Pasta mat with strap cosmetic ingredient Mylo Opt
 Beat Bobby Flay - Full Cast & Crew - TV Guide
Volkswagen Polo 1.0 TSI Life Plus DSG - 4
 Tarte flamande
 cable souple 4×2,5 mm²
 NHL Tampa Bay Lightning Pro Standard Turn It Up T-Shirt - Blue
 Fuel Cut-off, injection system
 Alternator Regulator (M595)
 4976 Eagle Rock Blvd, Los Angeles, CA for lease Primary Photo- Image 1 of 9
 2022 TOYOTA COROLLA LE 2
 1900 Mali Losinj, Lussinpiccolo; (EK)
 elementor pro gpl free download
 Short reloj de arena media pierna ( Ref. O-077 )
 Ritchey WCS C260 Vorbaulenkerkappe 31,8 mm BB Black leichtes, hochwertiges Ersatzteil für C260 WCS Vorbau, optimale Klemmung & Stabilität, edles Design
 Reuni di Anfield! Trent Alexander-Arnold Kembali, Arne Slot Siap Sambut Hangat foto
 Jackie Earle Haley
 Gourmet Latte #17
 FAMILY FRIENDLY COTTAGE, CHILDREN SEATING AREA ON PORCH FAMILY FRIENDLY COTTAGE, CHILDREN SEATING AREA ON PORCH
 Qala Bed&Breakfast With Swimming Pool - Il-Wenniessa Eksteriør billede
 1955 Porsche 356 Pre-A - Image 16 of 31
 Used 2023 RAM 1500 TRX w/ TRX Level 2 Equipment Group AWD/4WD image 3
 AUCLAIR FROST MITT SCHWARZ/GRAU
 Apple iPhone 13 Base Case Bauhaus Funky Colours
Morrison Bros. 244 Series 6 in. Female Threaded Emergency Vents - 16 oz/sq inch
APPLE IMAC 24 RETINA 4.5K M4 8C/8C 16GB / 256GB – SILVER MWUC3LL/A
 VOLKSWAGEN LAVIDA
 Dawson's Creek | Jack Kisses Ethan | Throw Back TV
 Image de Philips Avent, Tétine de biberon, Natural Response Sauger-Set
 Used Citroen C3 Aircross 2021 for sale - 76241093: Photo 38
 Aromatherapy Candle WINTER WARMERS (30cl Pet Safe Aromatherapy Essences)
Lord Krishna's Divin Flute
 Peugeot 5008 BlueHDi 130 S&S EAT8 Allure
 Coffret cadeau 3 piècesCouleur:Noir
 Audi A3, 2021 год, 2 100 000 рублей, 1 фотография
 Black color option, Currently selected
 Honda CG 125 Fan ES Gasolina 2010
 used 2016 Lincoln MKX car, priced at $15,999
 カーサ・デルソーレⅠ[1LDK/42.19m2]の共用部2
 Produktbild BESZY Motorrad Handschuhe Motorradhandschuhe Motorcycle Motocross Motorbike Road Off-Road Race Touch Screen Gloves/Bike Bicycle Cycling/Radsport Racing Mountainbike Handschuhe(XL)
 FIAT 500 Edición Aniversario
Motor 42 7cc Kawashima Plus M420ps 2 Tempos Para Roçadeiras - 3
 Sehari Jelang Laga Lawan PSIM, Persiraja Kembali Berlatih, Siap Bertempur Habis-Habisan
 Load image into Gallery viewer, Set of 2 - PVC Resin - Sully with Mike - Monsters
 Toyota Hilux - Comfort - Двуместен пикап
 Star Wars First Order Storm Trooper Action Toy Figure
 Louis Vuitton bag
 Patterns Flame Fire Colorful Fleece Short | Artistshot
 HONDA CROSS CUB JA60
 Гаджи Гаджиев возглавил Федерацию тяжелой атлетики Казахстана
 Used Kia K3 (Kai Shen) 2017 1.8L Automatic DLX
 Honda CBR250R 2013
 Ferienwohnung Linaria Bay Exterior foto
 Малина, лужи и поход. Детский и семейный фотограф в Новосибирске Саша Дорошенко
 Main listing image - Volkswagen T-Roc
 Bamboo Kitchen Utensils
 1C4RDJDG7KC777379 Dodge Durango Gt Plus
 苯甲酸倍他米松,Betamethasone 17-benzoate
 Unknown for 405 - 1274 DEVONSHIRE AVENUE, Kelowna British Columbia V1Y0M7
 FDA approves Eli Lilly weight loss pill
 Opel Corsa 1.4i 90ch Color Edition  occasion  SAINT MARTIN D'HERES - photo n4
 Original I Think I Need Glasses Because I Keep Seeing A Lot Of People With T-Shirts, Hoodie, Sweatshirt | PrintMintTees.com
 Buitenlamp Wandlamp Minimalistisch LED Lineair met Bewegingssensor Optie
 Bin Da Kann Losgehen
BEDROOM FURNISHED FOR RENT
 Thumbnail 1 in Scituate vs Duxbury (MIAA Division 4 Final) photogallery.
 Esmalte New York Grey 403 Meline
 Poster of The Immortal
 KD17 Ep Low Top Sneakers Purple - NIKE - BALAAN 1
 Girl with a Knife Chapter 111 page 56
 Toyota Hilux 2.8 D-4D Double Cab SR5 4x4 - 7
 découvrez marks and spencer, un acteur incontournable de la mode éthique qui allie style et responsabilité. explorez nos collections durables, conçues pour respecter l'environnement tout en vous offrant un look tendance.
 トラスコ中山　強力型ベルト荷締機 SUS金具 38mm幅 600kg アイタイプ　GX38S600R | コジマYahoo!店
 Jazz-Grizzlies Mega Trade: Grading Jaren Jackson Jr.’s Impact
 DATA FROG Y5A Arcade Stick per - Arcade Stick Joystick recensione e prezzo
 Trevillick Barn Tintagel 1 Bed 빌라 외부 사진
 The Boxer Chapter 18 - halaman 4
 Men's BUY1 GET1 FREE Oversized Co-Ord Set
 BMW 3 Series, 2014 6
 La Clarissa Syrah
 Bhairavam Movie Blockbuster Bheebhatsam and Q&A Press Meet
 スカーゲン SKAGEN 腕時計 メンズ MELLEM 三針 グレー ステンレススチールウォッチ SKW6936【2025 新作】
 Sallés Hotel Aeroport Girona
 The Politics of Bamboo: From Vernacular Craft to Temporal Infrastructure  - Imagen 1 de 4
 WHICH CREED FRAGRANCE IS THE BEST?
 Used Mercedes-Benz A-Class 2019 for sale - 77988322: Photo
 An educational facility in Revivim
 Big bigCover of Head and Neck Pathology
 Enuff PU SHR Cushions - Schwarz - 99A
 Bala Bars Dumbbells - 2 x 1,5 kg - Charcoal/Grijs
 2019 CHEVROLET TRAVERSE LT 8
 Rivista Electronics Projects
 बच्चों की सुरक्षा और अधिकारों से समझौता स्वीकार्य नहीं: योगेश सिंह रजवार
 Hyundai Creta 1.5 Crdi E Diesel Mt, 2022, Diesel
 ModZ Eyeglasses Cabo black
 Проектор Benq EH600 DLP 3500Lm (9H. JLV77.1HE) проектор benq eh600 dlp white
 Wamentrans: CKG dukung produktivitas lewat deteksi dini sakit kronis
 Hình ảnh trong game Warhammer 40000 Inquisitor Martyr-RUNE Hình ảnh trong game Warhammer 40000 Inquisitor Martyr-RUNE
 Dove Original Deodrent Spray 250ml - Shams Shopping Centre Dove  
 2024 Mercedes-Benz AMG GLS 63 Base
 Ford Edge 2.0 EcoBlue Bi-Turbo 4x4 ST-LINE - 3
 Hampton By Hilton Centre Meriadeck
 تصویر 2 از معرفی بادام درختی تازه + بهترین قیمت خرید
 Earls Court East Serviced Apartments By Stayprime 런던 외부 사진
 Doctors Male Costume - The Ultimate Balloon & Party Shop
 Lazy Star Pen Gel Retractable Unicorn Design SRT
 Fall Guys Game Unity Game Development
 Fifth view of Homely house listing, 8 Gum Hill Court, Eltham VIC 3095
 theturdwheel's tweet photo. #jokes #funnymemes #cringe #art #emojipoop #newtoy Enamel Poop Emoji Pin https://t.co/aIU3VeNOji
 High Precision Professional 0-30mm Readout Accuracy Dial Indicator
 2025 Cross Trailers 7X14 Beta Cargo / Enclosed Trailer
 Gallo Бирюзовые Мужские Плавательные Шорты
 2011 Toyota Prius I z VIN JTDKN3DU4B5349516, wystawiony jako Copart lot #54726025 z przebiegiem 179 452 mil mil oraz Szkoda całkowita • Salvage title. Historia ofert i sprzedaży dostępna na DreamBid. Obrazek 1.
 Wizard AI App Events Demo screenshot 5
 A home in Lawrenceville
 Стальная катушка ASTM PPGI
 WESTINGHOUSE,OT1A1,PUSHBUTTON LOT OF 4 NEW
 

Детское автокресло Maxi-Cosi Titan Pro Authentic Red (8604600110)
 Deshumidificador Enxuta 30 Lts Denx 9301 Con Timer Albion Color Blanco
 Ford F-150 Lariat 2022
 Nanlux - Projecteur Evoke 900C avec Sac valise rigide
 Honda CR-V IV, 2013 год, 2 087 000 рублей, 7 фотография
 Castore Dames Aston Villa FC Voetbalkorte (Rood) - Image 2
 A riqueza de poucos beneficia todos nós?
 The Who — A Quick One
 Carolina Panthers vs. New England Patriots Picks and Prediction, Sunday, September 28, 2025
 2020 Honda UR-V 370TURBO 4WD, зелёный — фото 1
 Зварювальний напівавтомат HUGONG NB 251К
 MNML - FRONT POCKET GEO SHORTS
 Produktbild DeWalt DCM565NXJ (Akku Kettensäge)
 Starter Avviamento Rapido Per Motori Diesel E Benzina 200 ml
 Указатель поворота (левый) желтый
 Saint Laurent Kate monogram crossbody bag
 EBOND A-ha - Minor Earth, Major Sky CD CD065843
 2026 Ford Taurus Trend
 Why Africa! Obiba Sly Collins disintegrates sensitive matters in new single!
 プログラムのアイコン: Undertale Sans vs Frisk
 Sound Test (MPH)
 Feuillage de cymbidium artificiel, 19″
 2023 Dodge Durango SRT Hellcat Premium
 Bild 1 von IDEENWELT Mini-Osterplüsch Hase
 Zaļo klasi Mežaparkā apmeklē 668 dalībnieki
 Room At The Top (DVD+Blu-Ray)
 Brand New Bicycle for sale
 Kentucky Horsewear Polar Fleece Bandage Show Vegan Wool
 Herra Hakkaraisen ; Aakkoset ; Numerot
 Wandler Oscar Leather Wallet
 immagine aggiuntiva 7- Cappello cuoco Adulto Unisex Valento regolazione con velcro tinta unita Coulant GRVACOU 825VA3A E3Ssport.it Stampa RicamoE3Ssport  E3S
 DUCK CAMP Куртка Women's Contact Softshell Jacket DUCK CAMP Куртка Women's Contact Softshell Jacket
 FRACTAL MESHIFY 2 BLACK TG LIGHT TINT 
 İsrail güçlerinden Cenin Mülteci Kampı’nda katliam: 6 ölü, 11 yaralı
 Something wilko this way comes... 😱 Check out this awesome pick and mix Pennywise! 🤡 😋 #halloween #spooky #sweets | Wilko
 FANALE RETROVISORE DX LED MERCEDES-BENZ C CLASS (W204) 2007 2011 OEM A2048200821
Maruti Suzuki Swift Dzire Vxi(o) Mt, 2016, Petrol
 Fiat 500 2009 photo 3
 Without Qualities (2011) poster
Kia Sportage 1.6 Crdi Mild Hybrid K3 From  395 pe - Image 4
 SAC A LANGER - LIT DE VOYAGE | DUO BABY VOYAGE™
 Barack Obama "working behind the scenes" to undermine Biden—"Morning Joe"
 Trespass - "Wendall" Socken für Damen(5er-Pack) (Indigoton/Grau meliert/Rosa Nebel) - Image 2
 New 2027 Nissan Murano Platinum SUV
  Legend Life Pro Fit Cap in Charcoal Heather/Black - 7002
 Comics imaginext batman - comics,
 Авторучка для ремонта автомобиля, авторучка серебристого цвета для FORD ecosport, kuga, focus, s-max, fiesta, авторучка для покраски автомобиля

(Problem description): Return only the number of lines in the records above that include the string "Bamboo".

(Output below): 2